An attempt to log my journey through learning elm. Will work through tutorials found on the net, with an attempt to tweak each provided example so that I can get a better grip on the material. The examples will be in reverse chronological order, with the top displaying the most recent challenge.
Tutorials: \
A random walk, continuing on with the use of the Random module…
Estimating pi…
The approximation is based on the idea that: \[\lim_{n \to \infty} \frac{t}{n} = \frac{Area \ of \ Circle \ Quad}{Area \ of \ Circumscribed \ Square \ Quad} = \frac{\frac{\pi r^2}{4}}{r^2} = \frac{\pi}{4}\]
Admittedly took a bit of brute force to get this one done. Constrained the movement of the eyes by adjusting the related R values on the x,y-axis.
Learnt a bit about signals, and some work to get the coordinates to track mouse moves…
Instead of calculating and displaying the fibonacci sequence, I chose to pump out the sequence of perfect numbers up to 1000.

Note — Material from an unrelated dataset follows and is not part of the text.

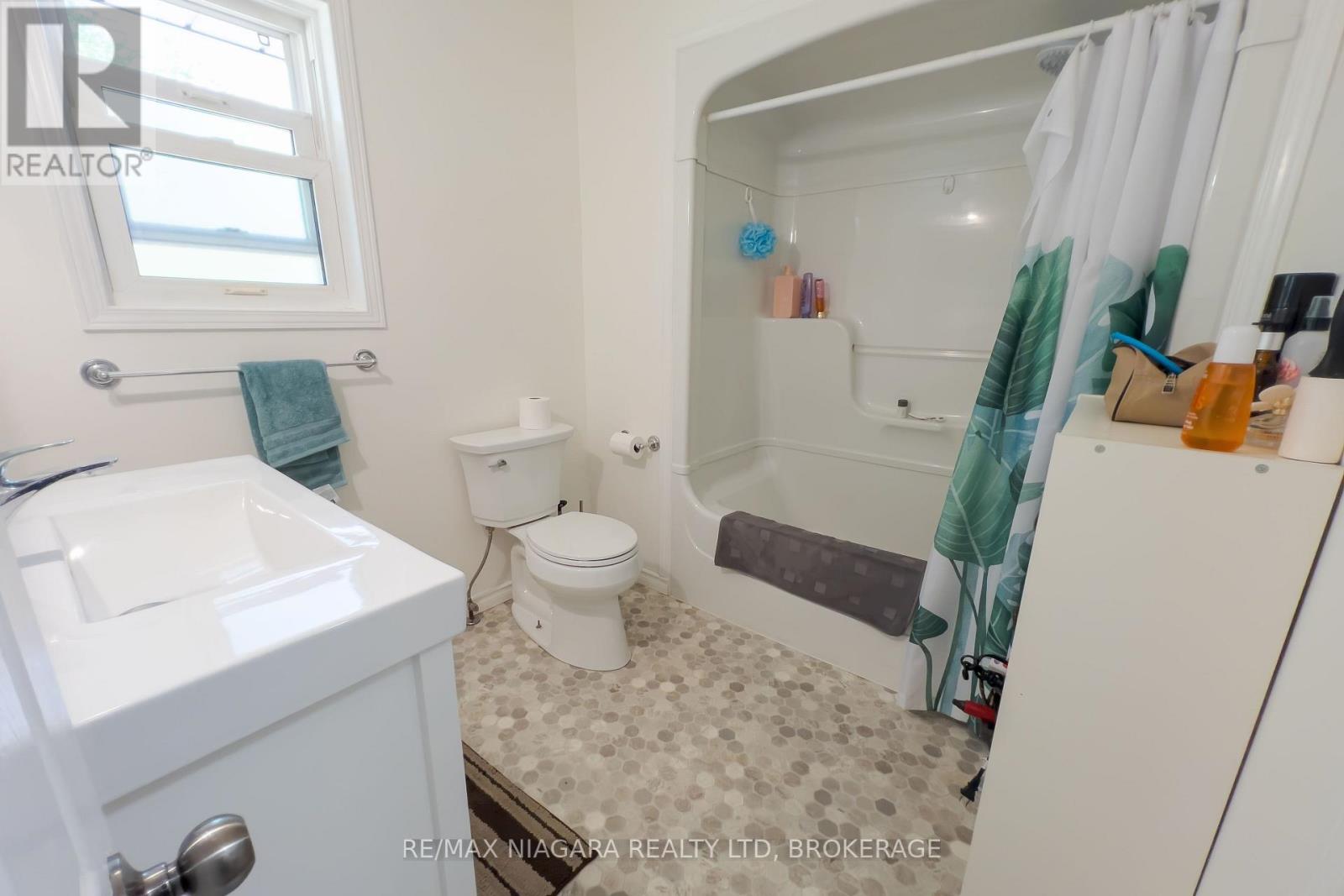 2868 JUNE ROAD - 18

Perfect number, a positive integer that is equal to the sum of its proper divisors. The smallest perfect number is 6, which is the sum of 1, 2, and 3. Other perfect numbers are 28, 496, and 8,128. The discovery of such numbers is lost in prehistory. It is known, however, that the Pythagoreans (founded c. 525 bc) studied perfect numbers for their “mystical” properties.
-Encyclopedia Britannica
If anyone has suggestions on improving the properDivisor implementation please advise.
Really no additional explanation required here, just changed the wording a bit.